In adulthood, they’re typically not leaders, they’re submissive and have a submissive mindset. Since they learned how to be a “good girl” or “good boy” growing up, they may also deal with self-esteem issues as they are continually looking for approval from authority figures.


  1. Permissive

This parenting style is exactly how it sounds. These parents are very responsive to a child’s needs, and provide ample affection. However, they are typically too responsive. 


The child doesn’t have to deal with any hardships because their helicopter parent handles everything for them. They don’t have boundaries when it comes to their children and they especially don’t have boundaries for their children. 


The parents take on the role of a friend rather than that of an authority figure. There are little to no rules or structure in place so the child does what they want when they want to. 

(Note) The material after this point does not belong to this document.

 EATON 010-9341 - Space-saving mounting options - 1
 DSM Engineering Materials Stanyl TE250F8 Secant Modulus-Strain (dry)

Children of this parenting style can come off as extremely privileged or they may be anxious because they don’t know how to navigate things when they’re away from their parents. They also struggle in social settings as they lack necessary skills like sharing and caring. 


Some other areas that are impacted by this type of parenting are: 


  • Emotional regulation: 

  • The child expects to receive what they want when they want it which can lead to stunted emotional regulation as adults. 

  • Defiance: 

  • They don’t comprehend hearing “no.” If they don’t get what they want, even in adulthood, it can lead to tantrums and excessive defiance. 

  • Passive Lifestyle: 

  • They tend to give up when they’re faced with challenges because they didn’t have to overcome them growing up due to their parents always handling the issues for them. 


  1. Uninvolved/Neglectful 

This is another parenting style that doesn’t need a whole lot of explanation. The parents have no rules or structure in place and they also do not provide affection for the child. The child is left to fend for themselves. 


The parent does not interact with the child often, they do not show interest in their lives, and they give no attention to their well-being beyond the necessities (sometimes not even that). 


As one can imagine, this has ample effects on the child’s development. It can lead to depression, isolation, issues with emotional regulation, anger issues with delinquent behaviors, and physical harm due to lack of nutrition. 


In adulthood they will typically struggle with emotional attachment, may be very sexually active, be isolated from society, and may struggle with taking part in society. 


You most likely don’t fit into one of these categories perfectly. However, if you notice aspects from one parenting style that you like, try implementing it more in your day-to-day interactions. Or may be a style that you embody right now that you don’t particularly love, this is when diving in with a counselor may be helpful to see why you embody that style and how you can go about changing it. 


As we all know, no parent gets it right every time, but we can keep in mind that we don’t have to stay “stuck” in our ways either.